I would like to formally announce my retirement.

It was all just getting started but I feel my best is behind me.

And in case you don't know, writing is hard.

That's why writers drink. I have, tonight, seriously considered leaving the house and getting myself some Bushmills. (My favorite liquor.) I don't understand why I don't keep my (favorite) liquor in the house. Everytime I want some whiskey I don't have it. And there is just something a little desperate about buying liquor when you are really, really craving it. Like everyone can see.
Like when I buy ice cream, I think at the convenience store they are thinking, "Here comes that fat girl. Coming to buy ice cream AGAIN. What's she so sad about?"
See it's different if I'm at the grocery store and my cart is full of peaches and beans and ice cream and cucumbers and cereal and whiskey and peanuts and juice boxes. That makes sense.
But to just go buy a bottle of hooch or a pint of ice cream...it's like telegraphing my sorrow to the world.

Ok.
I just realized that is what I'm doing here. Right now. However! To write this, I did not have to put on a bra or go find my shoes or check if I have any cash. (Cause using a debit card to buy a 3.00 carton of ice cream is just a whole other thing.)
So there.

Back to why my cupboards are bare of the essential whiskey.
Today has been a rough day. I set aside the entire day to write about this something-something that is quite emotional for me (this isn't it). Just jotting down some notes on the subject really stirred my pot of insecurity and unloveableness and failure and suddenly I just couldn't deal with anything.
It's okay. It's process. I get that.
Anyway I'm feeling a little better now. And that will get written whenever that gets written.
Still I'd like to sip a little whiskey at my retirement. (Oh, yeah. I guess it won't get written.)
But I have no whiskey.
So instead I ate my weight in chocolate. Peanut butter cups to be exact. So maybe, I'm theorizing, that is why I don't keep whiskey in the house. Cause I'd drink my weight in it just as I have the chocolate.
And I ate my weight in chocolate holed up in bed while reading David Sedaris' new book. And that my friends is why I am quitting this writing business.

Writing makes you sad.
Which makes you want whiskey.
Which you never have.
Which drives you to chocolate.
Which you eat while in bed with the new David Sedaris book.
Which you realize is the funniest thing ever written.
Which means all hope is lost for you in the funny writing department.
So why bother.
I quit.

Sunday, August 17, 2008

Part Two - Raining Maitri

This is the second half of my original post but I wanted it to be separate. More people than ever may be reading this blog (ha, ha, I hope...getting ahead of myself?) and I like that but it's scary and it threatens to edit me, change what I want to write. At a time when I am trying to expand my damndest I am exposing myself all the more!!!! Aack!
Oh. Duh.
Right. That's how that works.
So I'm asking you to be patient with me. You might not like it. I have some strong opinions. Could be different than yours. But hey, that's fine. Just know I am trying to break out. And be me.
And be free.

Picking up from last time and jumping off the subject of fear, let's move on:

You (I) try to get to the point where you (I) no longer resist. Ekhart taught us this in "Power of Now." To be present. To not give in to thinking and the urges of the ego.
Dissolve that damn pain body.
Burn off the synapses that go to it.

I got it. I should no longer push against the circumstances of my life. And so I have learned to accept them for what they are. I've given in.
Given up.
Surrendered.
And to some degree and for some time, I kind of tolerated that practice. I practiced. I TRIED. But I can't say I embraced it. I can't say I lived it.

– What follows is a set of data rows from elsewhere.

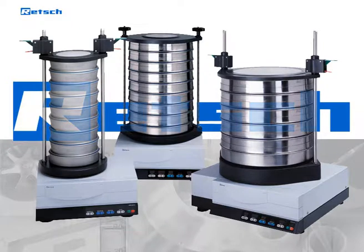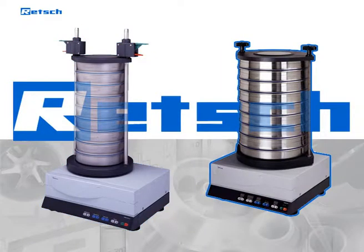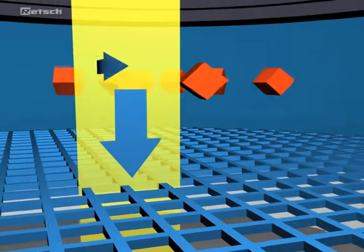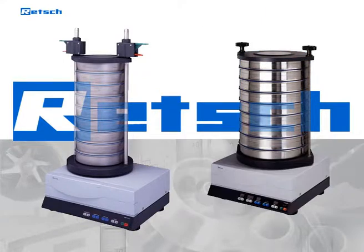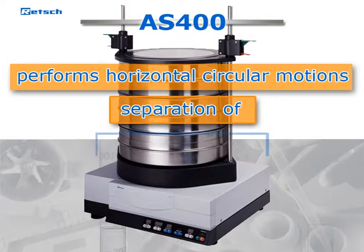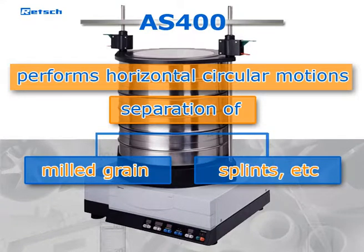RETCH sieve shakers are available in different models to support the various needs of customers. All sieve shakers of the AS200 and AS300 series work with a drive that produces a 3D throwing motion. The AS300 provides a two times larger sieving surface and handles heavier sieve stacks of up to 10 kg. The AS400 performs horizontal circular motions, which is particularly suitable for the separation of products such as milled grain, splints, and similar materials, and is also required for testing plastics.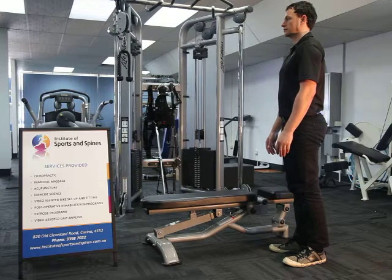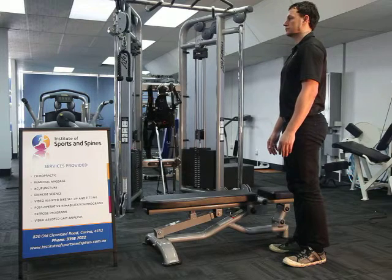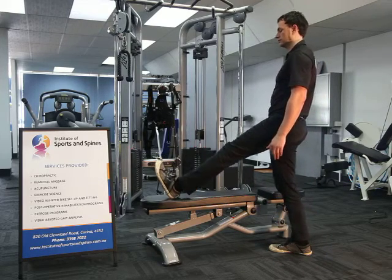This is another variant of a hamstring stretch. Start in a standing position. To stretch the left hand side, the left heel can be placed on a couch, chair or rail.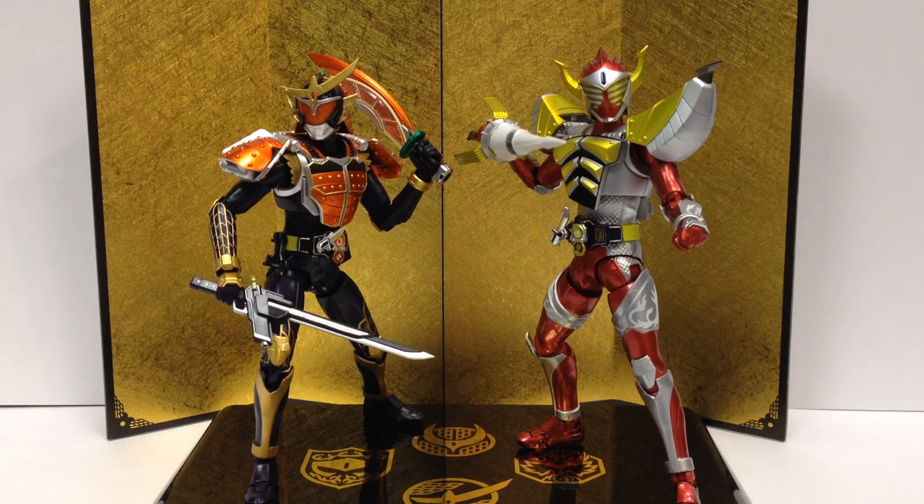This is a video review for a couple of very nice action figures. This is the SH Figuarts — Gaim and Baron, Gaim Orange Arms and Baron Banana Arms, which just came out this past week and came out together, which is kind of rare. For a Rider series, as far as I know, usually you get one at a time, so it's kind of nice to get these two together.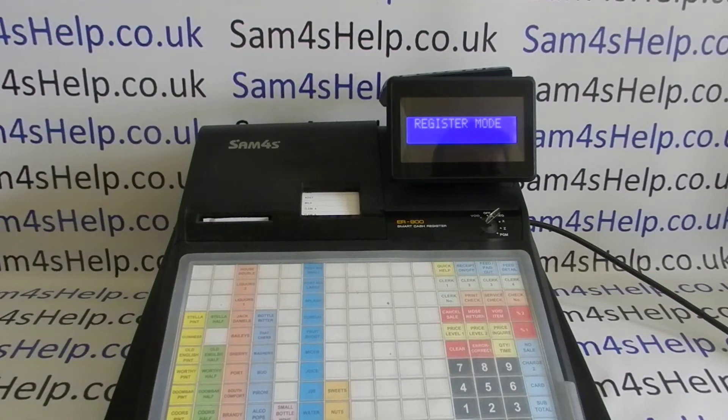In today's video from Sam4sHelp, we're going to demonstrate how to clear down the PLU file on the ER900 series of registers. This model is the 940; the process is the same across the range whichever version of the machine you've got. A disclaimer upfront: this is a highly unusual procedure to carry out. You should only do it if you've been advised to by your dealer.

Then over an inexplicable time/divorce, I found myself looking from one mountaintop to the next. I saw that the next goal was to go beyond non-resistance and to be able to welcome pain into my life.
To expect it.
To be curious about it.
To be compassionate.
To lean into the sharp points.

TO NOT BE SCARED.

I had learned this once before. Well, twice before.
I am very fortunate to have two children as well as having had the experience of having my kids at home au naturale.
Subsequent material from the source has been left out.